Saying he had just come back from a visit to Jordan, where he saw some of the 1 million Syrian refugees there, the cardinal continued: "That's something that maybe you will see in a movie. But that's a movie. The reality is very different."

Libertarian ideologies, Rodríguez said, have a "limited perspective of the reality, according to particular interests."

"Libertarianism has ... an anthropology that is reduced to individualism, cutting the social dimension that is also part of the constitution of the human being," he said. "It is impoverishing humanity. Because the rest of the people are like objects I can use, but they're not really persons to relate with."

Yet, said the cardinal, libertarians "are not bad people."

"Many times they have good will," he said. "But they do not have other experiences. And so they are closed in their ideologies."

"The problem is that some times they are limited to their own experience," said Rodríguez. "To dialogue, you need to be open to look to for truth and not to defend your positions."

Tuesday's event was organized by the Institute for Policy Research and Catholic Studies at The Catholic University of America, and was titled “Erroneous Autonomy: The Catholic Case Against Libertarianism.”

Beyond economic theory, Rodríguez spoke at length about October's upcoming synod of bishops, to be held at the Vatican on the theme "Pastoral Challenges of the Family in the Context of Evangelization." The synod has raised hopes that Francis may be considering a change in the church's pastoral practices in a number of areas, particularly regarding the admittance of divorced and remarried persons to communion.

In that area, said Rodríguez, "of course it's necessary to make some changes."

"The doctrine is not going to change because indissolubility of marriage comes from Jesus," he continued. "It's the word of God that says what God has united men do not separate."

But, said the cardinal, a key question is whether some couples who are divorced every truly experienced the sacrament of marriage.

"This is the key," he said. "It's not a matter of giving or not giving the communion, that's another subject. It's not the most important. The main concern is: Is there a sacrament or there is not?"
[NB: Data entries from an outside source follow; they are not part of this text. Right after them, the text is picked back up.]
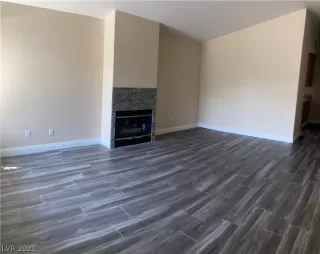 Photo #5: 2323356 Listing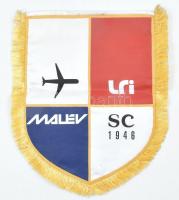 A Malév SC zászlója. 27x32 cm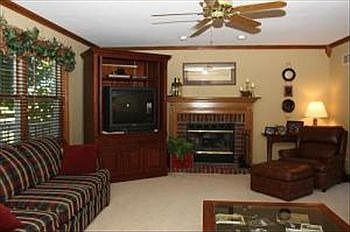 3rd image of W148N10175 Windsong Cir E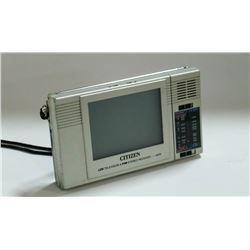 HANDHELD PORTABLE VINTAGE CITIZEN TV / RADIO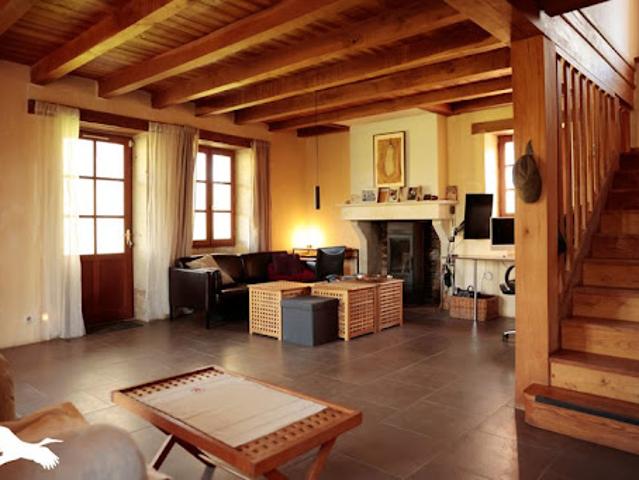 Maison vente à Confolens, Ambernac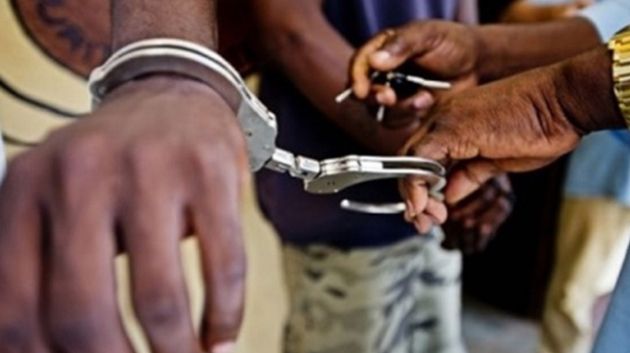 وفاة كهل بعد سقوطه من سطح منزله في المهدية: إيقاف 5 أشخاص من عائلته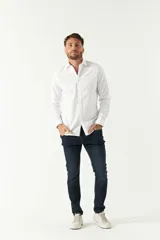 Camisa blanca de hombre, de corte slim, con cuello italiano y logo bordado.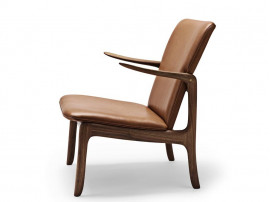 Chaise scandinave modèle OW124 "Beak Chair". Edition neuve.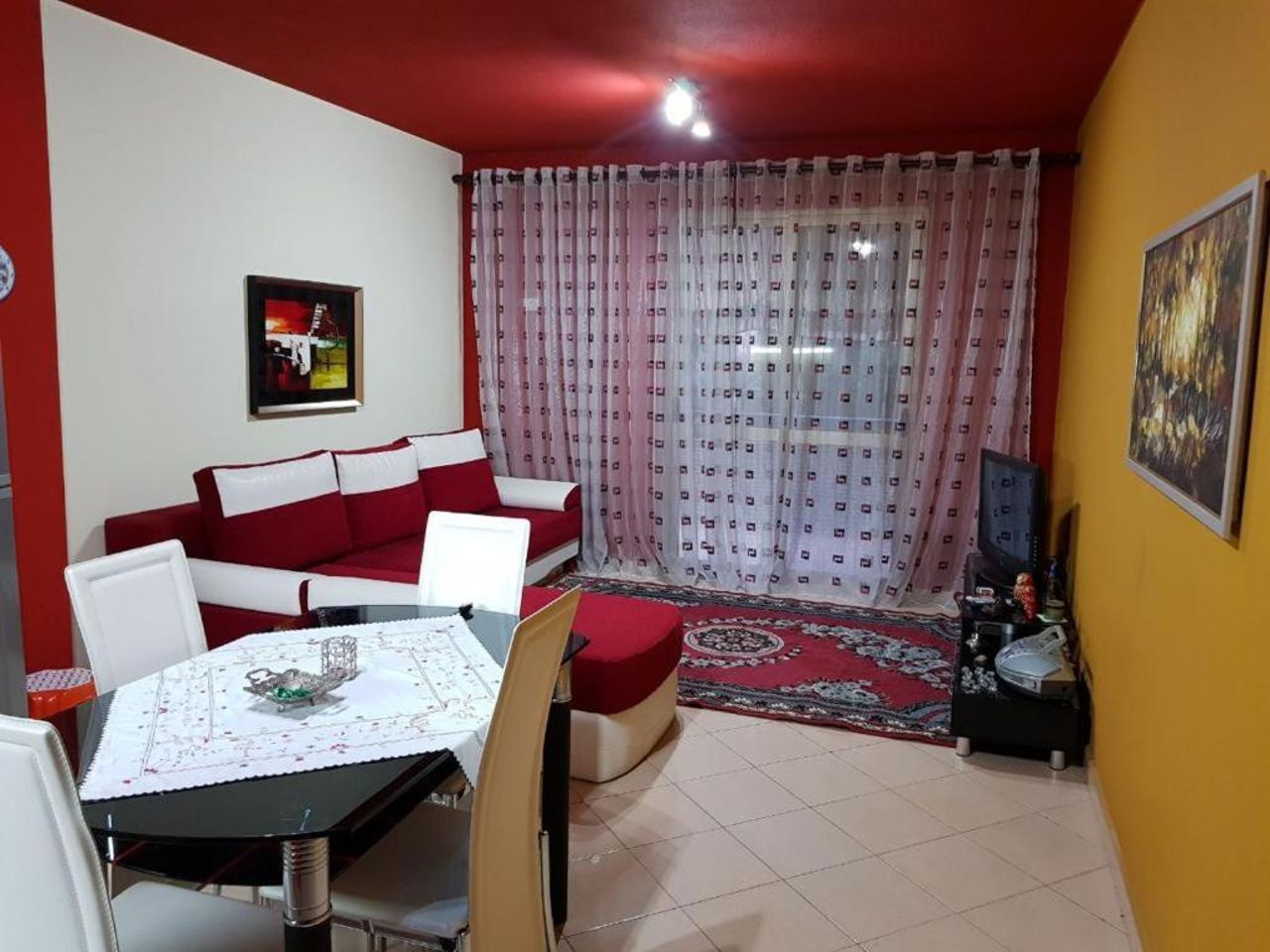 Cozy Apartment in Golem Beach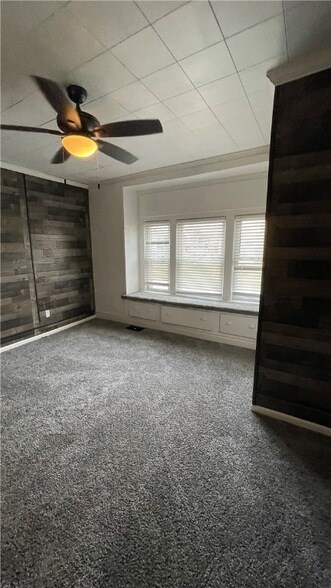 Building Photo - 247 Cedar Ave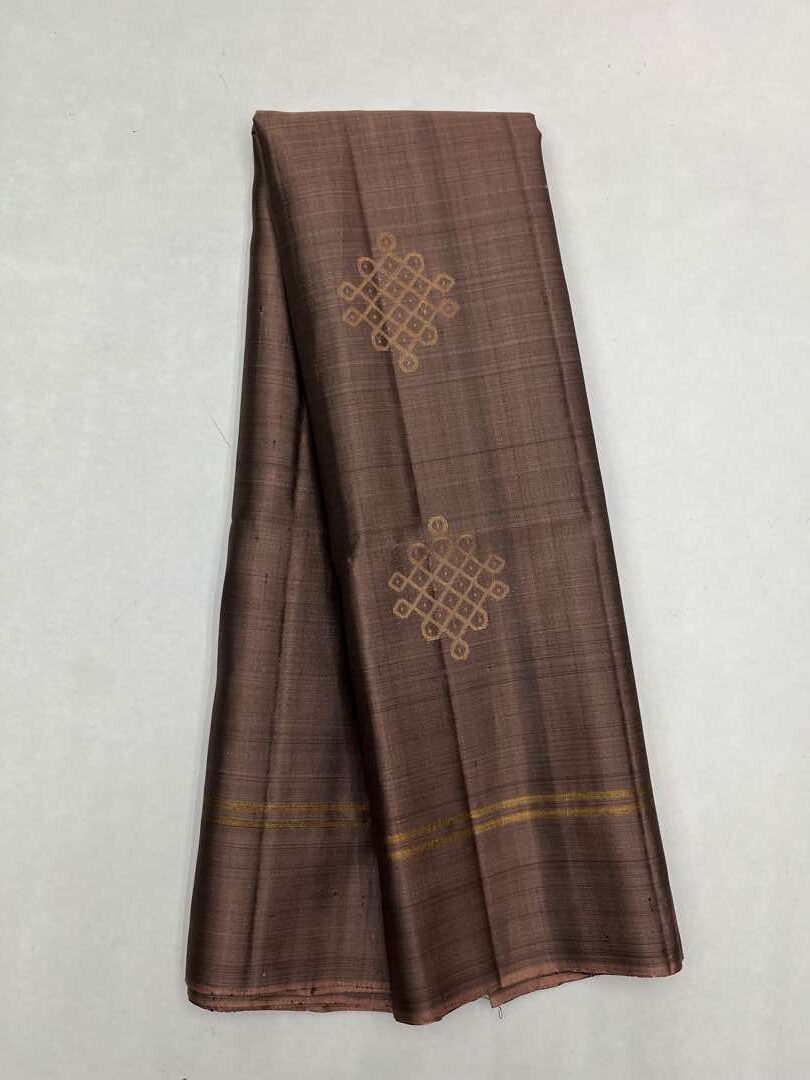 Beautifull Handloom Soft Silk Kolam saree in Chacholate Grey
Giving the example of a couple that gets married out of pressure because they are having a baby together, Rodríguez said: "We cannot talk of a sacrament there because one of the conditions of a sacrament is freedom, freedom of choice."

Rodríguez also suggested that the synod may consider some way of streamlining the process for Catholics who seek annulments of their marriages by "trying to give more possibilities to the local tribunals to take the cases of people."

In the interview Rodríguez also addressed the issue of Catholics who do not find vitality in their parishes, and therefore leave the church.

"The parish cannot be only the gas station, where I go to put gas in my tank on the weekend and that's all," he said. "No, it has to be a living community. And this is missing because some of the pastors were not trained in that. Others are too old. Nowadays, they don't dare to change."

The final note from Rodríguez? A check-in on Francis' health.

"He's doing well," the cardinal said of the pontiff.

"We have been asking him to have holidays this year," Rodríguez continued. "Because last year he didn't and sometimes he's very tired. So I think that during August he's going to retire to rest."

But can we expect Francis to take a vacation to his native Argentina?

"Not now," Rodríguez said. "Because [Argentine president Cristina Fernández de] Kirchner wants to use this for her propaganda."